Mario was the name that had possibly brought the larger number of the audience together, and what shall we say of Mario as he sang last evening? Not a word but in grateful remembrance of the greatest of tenors that has trod the stage in our time; but the voice that by turns roused to enthusiasm or melted to tears the decorous, unemotional, well-gloved audiences of Europe and America fifteen or twenty years ago, is now a memory and no more. Now and then there is to be caught a reminiscence of the glorious past, as in the late autumn there comes a day of warmth and brightness to bring back the summer that is gone. In the Spirito Gentil, which to have heard in Mario’s palmy days was something never to die out of our recollection, he betrayed great delicacy of feeling, and manifested that [direct?] knowledge of his art which gave in the old time the [crowning?] grace to his superb natural qualities; and in ‘Good Bye, Sweetheart, Good Bye,’ he showed that he had not wholly lost his power to unseal the sources of sensibility. There was, after all, something in the presence of Mario that inspired a respect akin to enthusiasm, and in the self-reliance and independence of a spirit that has brought him again before the public, we recognise the same quality of heroism that was exhibited by Sir Walter Scott when late in life, overwhelmed with debt and oppressed with care, he kept on writing, though the ‘Heart of Mid-Lothian’ was to be followed by ‘Castle Dangerous.’

Carlotta Patti comes back to us with the same wonderful voice, and yet more wonderful command of its resources, that she took with her to Europe on her last departure. It is a voice of the most wonderful kind, as indeed all lovers of music in America know, resembling an amazingly delicate instrument of surpassing purity of tone rather than a human organ, and suggesting in its odd turns and comic zigzags of expression, the sparkle and sudden bursts of fireworks. In the rondo from ‘Lucia’ she left the flutes far behind her, so much purer and higher was the voice than the instrument, and in Proch’s variations she recalled Madame Peschka-Leutner’s rendering of the famous bravura only to impress us with her superiority to the favorite of the Coliseum during the Peace Jubilee [Boston].

Miss Annie Louise Cary we think has greatly improved since she last sang in New York, and her vocalization last evening was sweetly natural and carefully finished. Her ‘Kathleen Mavourneen,’ sung as an encore, was especially tender and true in feeling and expression.

Miss Teresa Carreño produced an immense effect, coming, as she did, upon an audience that had never heard of her great beauty of person and grace of manner, ‘like a reappearing star or a glory from afar,’ and her performance on the piano gave the seal to the admiration inspired by her appearance. Her style is excellent, and her knowledge of music apparently large and correct, though there is little of individuality about her playing, and it is perhaps deficient in the undefinable sympathetic element that has often taken hold of us when a player less lovely has sat at the keyboard.

M. Sauret, we should say, was a violinist of infinite possibilities. His high notes are quite perfect, and his manner of handling the violin is easy and graceful, and he approaches the greatest difficulties only to overcome them, with a modest confidence that wins at once upon his hearers.”

11)
Review: New-York Times, 17 September 1872, 4.

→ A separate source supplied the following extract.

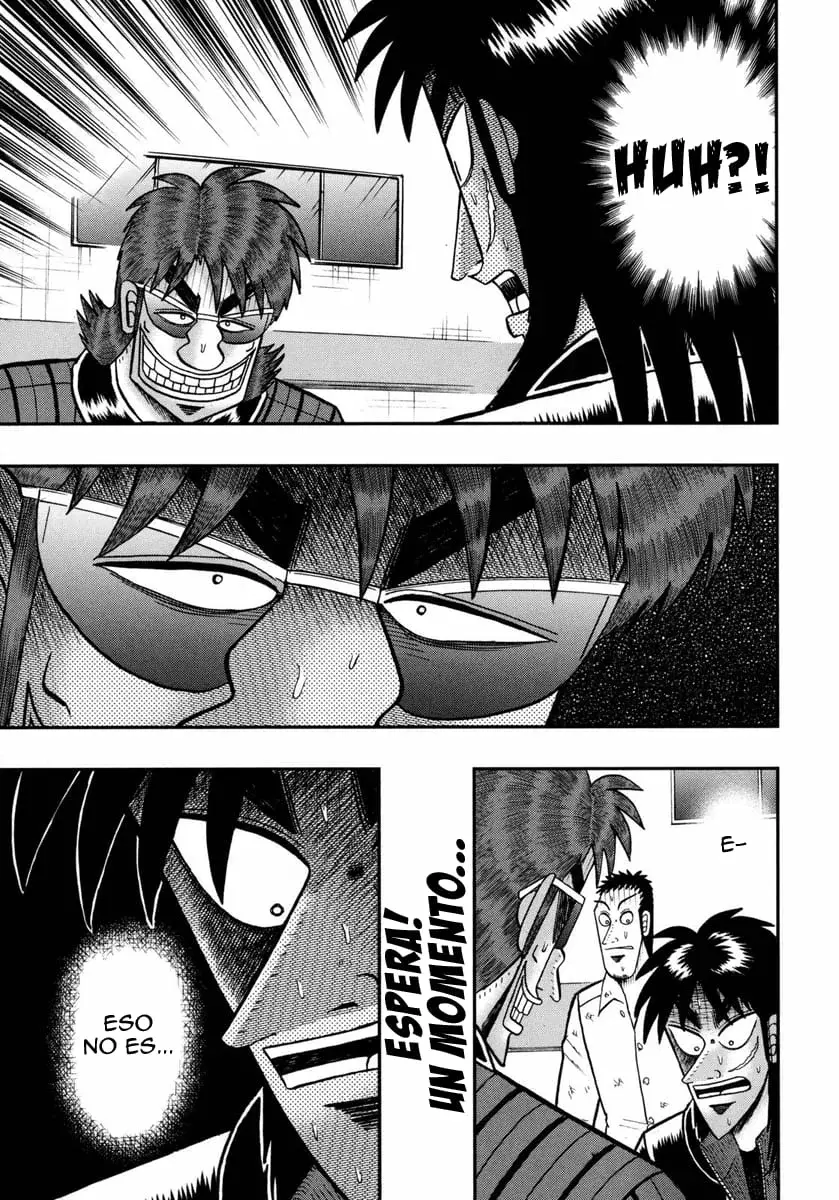 Read Tobaku Datenroku Kaiji_ One Poker-hen (es) Manga Online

“New-York has again heard Mario and Carlotta-Patti, and our concert season of 1871-72 has opened with uncommon brilliancy. All of Mr. Strakosch’s excellent arrangements were carried out last night with taste and discretion, and a remarkable assemblage of connoisseurs, and the general public testified their delight with a concert embracing memorable features of attraction. Mlle. Carlotta Patti, to whose advance in breadth of style and sympathetic development we shall bear cordial witness, will forgive us for speaking first of an artist, who, styled by some contemporaries a ‘veteran,’ proved at Steinway Hall last night how much he retains of youthful passion and buoyancy, and how much he has added to them of that finish and elegance attainable only by singers of the first rank who have enjoyed the widest experience. 

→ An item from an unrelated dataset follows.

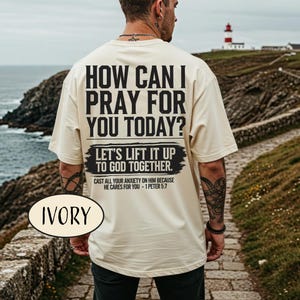 How Can I Pray For You Today Shirt Christian Dad Gift Religious Mom Shirt Pastor Gift Faith Based Apparel Praying Tee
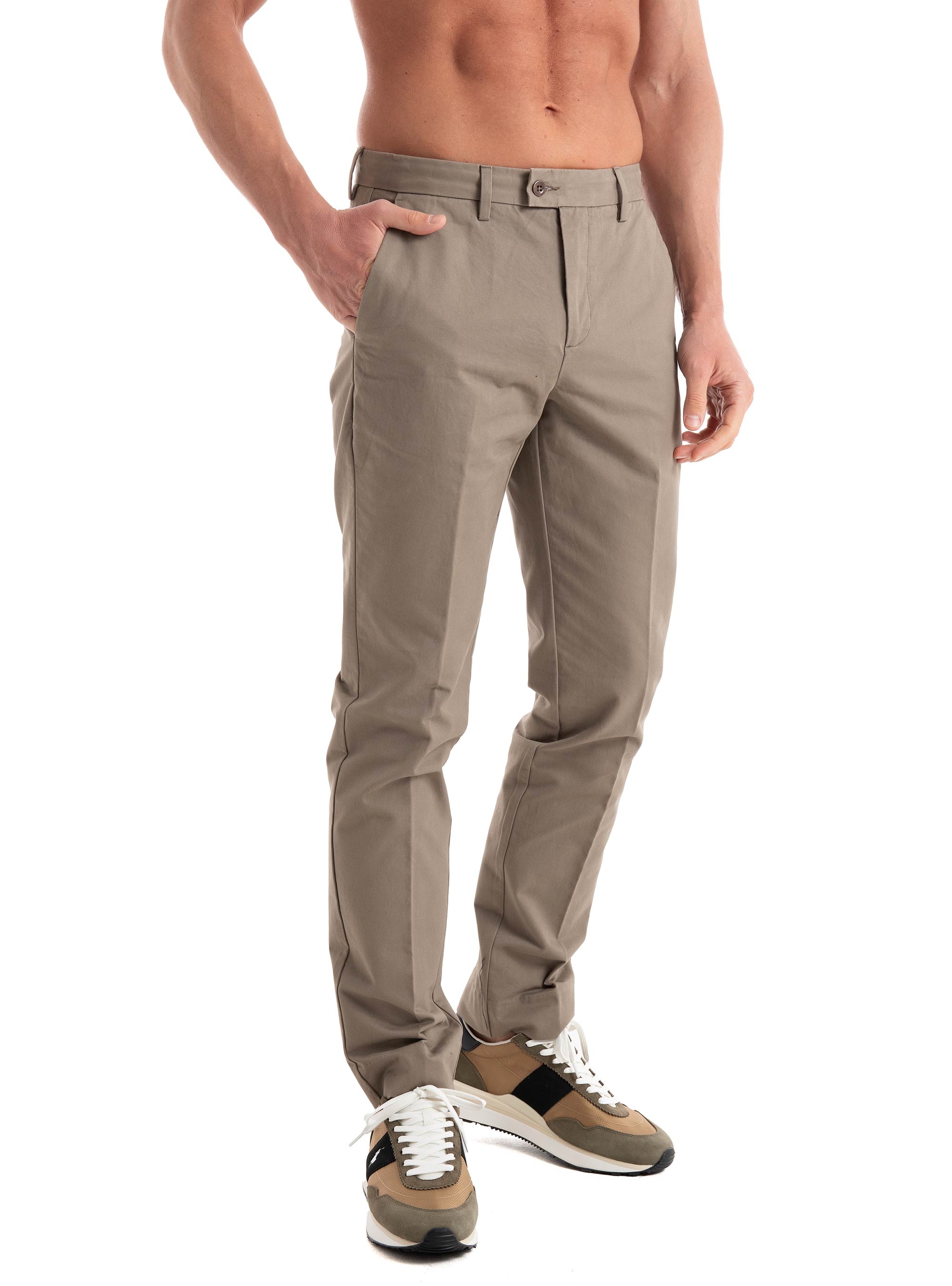 Gant Chino Trousers - Light Brown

Somebody very properly said the other day that, in an age which brought forth Von Moltkes and Palmerstons, it is silly as well as brutal to speak of advanced years as a disqualification for public functions, or, in general, for intellectual achievement. The rebuke, called forth by an ill-mannered slur on Gen. Dix, was timely and well-deserved. Irreverence for age is said to be a national characteristic, and apart from the fact that average longevity is on the increase, it is wise to reflect now and then, how far that irreverence, joined by other follies, actually disqualifies youth for work which youth assumes to be impracticable for age. At all events, when, in our own immediate community, we see such men as Mr. Bryant and Commodore Vanderbilt, filling their very different but highly exacting spheres not only with unabated activity, but with a wisdom and precision unsurpassed by them in earlier days, it is becoming to admit that sagacity is not confined to the young, and that the red men, our predecessors, were not so far wrong when they did honor to gray hairs, and put those who wore them highest at the council board.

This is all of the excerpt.